■ What you are asked to do
Your task is to print all of the entries exactly, though the pictures should not be included.

═══ Data for this task ═══

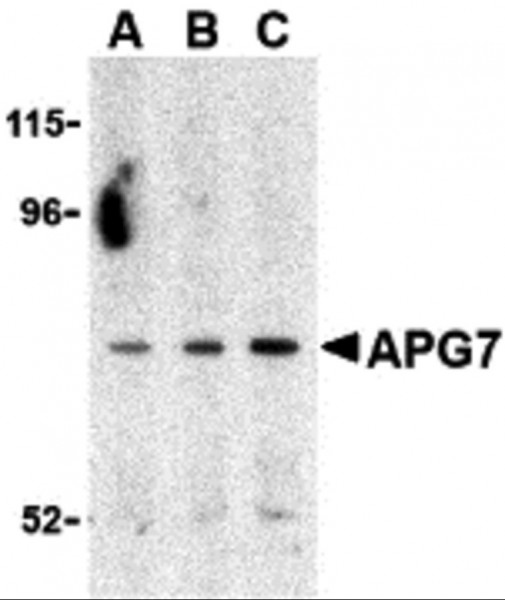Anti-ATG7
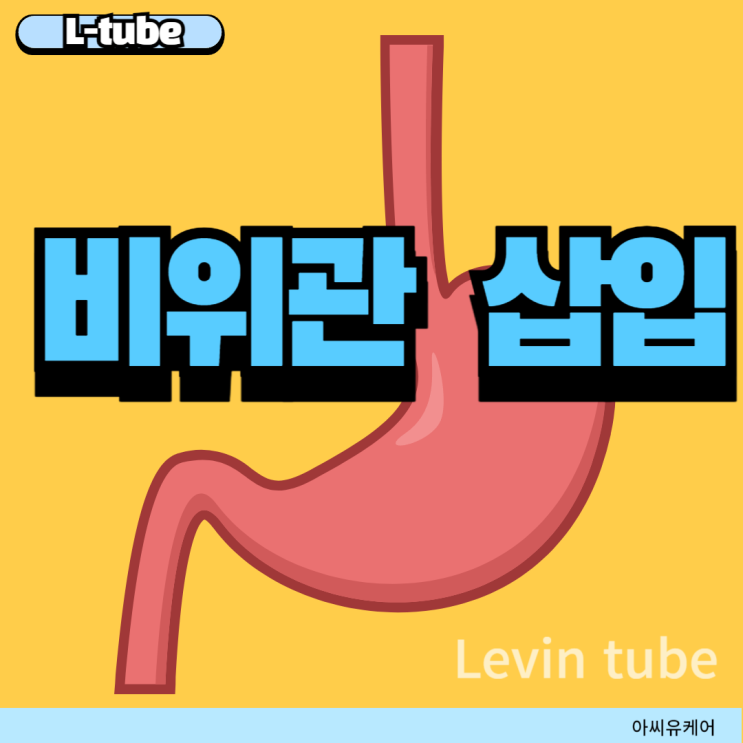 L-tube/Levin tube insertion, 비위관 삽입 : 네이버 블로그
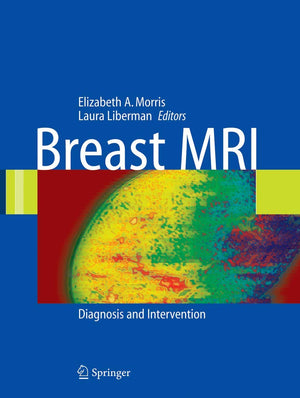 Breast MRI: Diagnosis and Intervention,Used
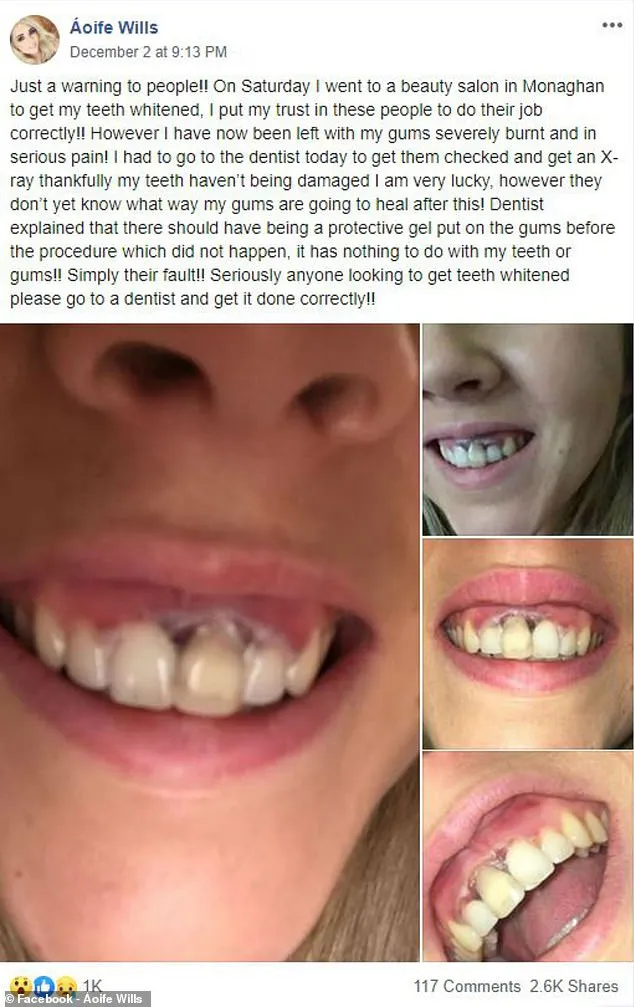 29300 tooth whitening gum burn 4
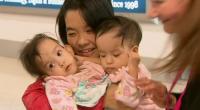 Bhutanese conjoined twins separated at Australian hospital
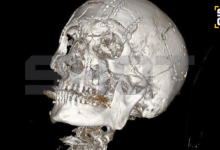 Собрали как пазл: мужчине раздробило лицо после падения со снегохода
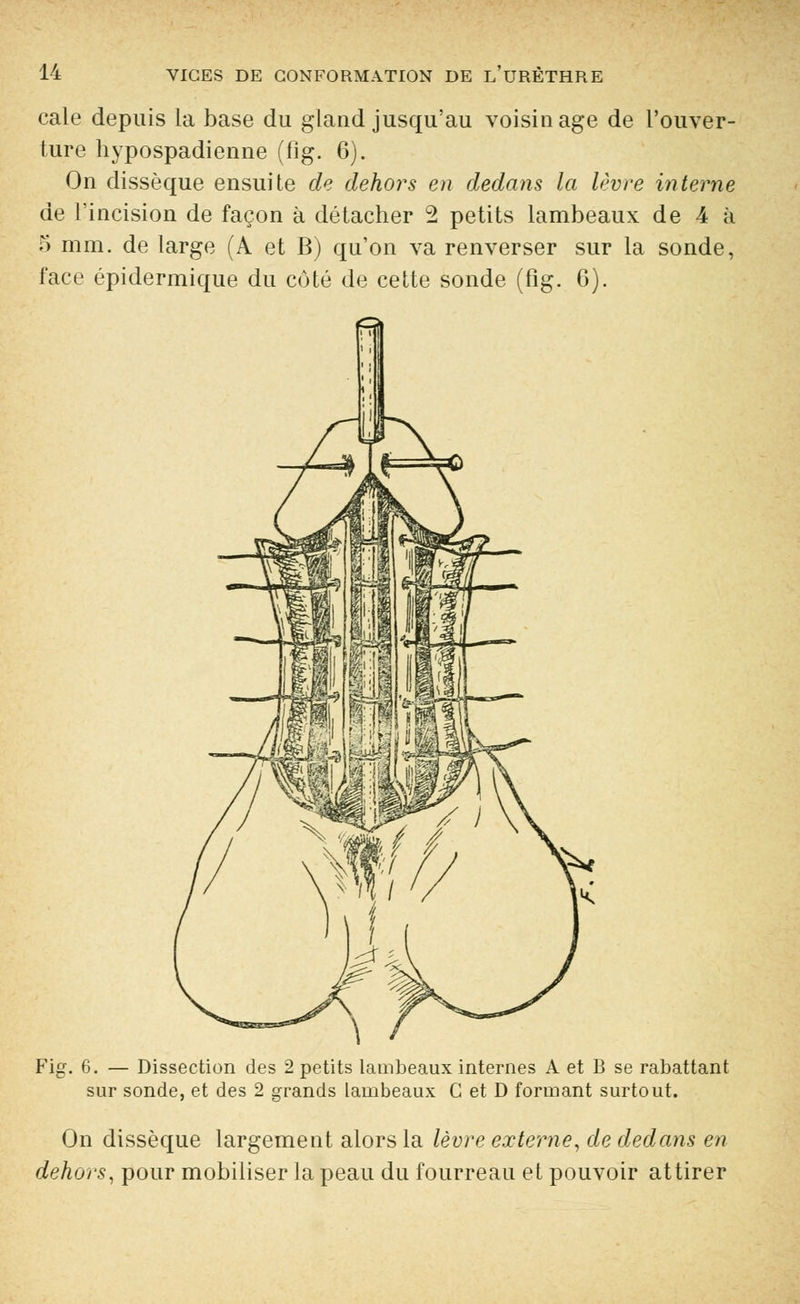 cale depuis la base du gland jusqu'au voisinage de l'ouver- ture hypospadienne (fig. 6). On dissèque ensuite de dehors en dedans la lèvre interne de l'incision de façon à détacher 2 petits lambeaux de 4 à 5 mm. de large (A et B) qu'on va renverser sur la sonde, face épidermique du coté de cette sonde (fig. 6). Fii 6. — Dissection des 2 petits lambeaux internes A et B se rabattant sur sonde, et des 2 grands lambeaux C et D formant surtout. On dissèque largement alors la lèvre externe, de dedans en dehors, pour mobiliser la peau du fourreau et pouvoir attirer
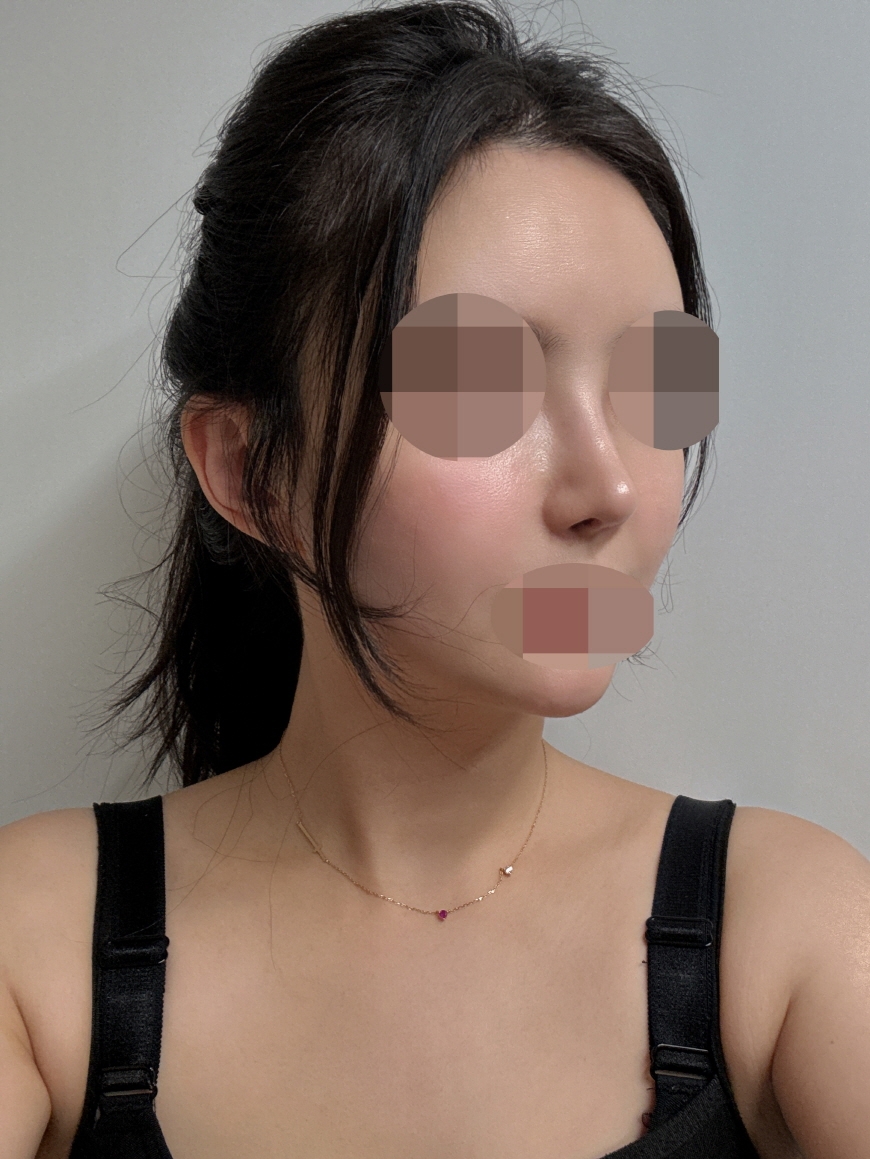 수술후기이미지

═══

■ Answer to the exercise
Anti-ATG7
 L-tube/Levin tube insertion, 비위관 삽입 : 네이버 블로그
 Breast MRI: Diagnosis and Intervention,Used
 29300 tooth whitening gum burn 4
 Bhutanese conjoined twins separated at Australian hospital
 Собрали как пазл: мужчине раздробило лицо после падения со снегохода
 cale depuis la base du gland jusqu'au voisinage de l'ouver- ture hypospadienne (fig. 6). On dissèque ensuite de dehors en dedans la lèvre interne de l'incision de façon à détacher 2 petits lambeaux de 4 à 5 mm. de large (A et B) qu'on va renverser sur la sonde, face épidermique du coté de cette sonde (fig. 6). Fii 6. — Dissection des 2 petits lambeaux internes A et B se rabattant sur sonde, et des 2 grands lambeaux C et D formant surtout. On dissèque largement alors la lèvre externe, de dedans en dehors, pour mobiliser la peau du fourreau et pouvoir attirer
 수술후기이미지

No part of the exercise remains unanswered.